• TASK DESCRIPTION
Skip every picture, and copy exactly the lines from the one containing "2-комн квартира ул" to the end of the data.

• DATASET EXCERPT

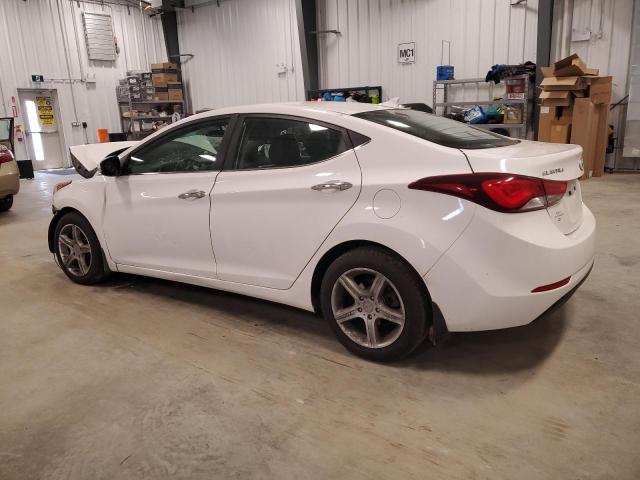 Vin: kmhdh4ah8eu068662, lot: 61351985, hyundai elantra se 20142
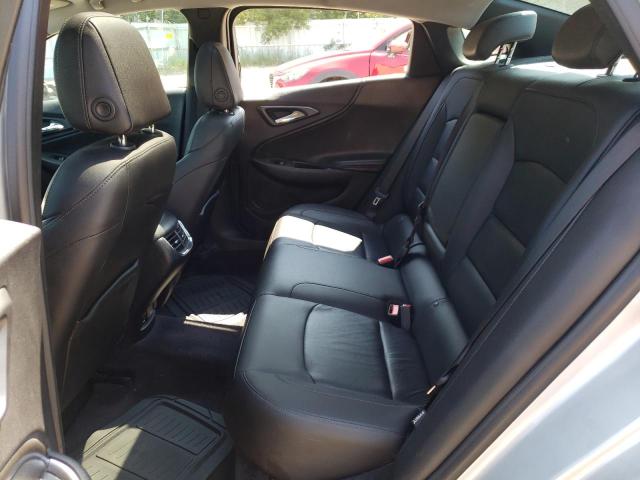 2017 CHEVROLET MALIBU LT - 1G1ZE5ST8HF172646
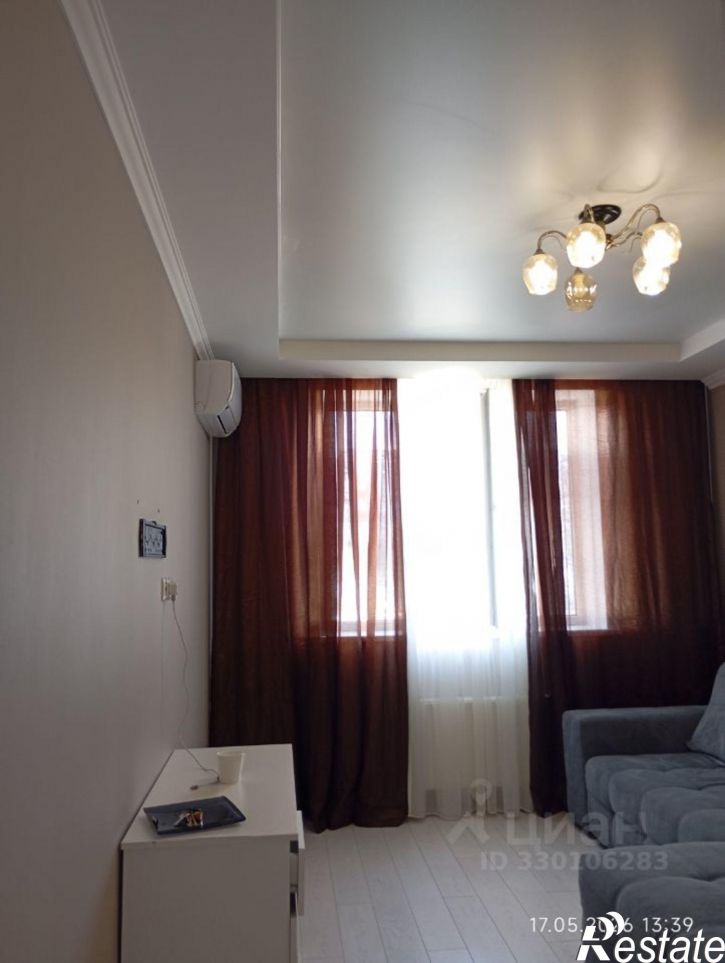 2-комн квартира ул им. генерала Петрова И.Т., 35,  д. 35
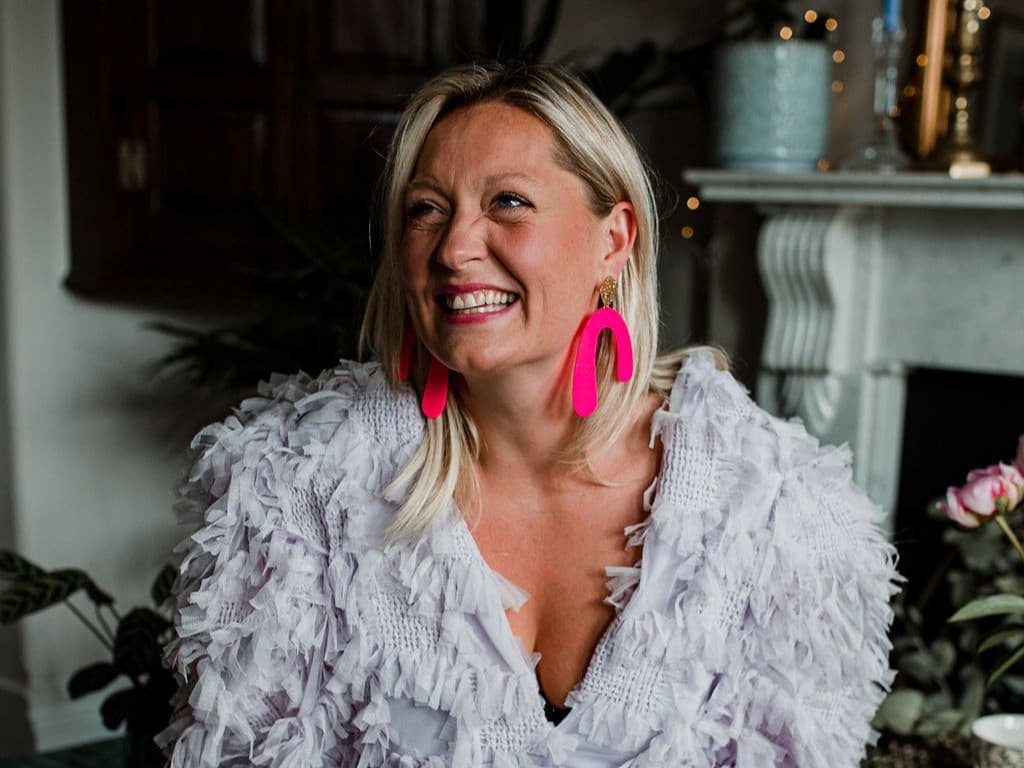 Spotlight on Sophie McGown, the creative force behind EARSASS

• EXPECTED ANSWER
 2-комн квартира ул им. генерала Петрова И.Т., 35,  д. 35
 Spotlight on Sophie McGown, the creative force behind EARSASS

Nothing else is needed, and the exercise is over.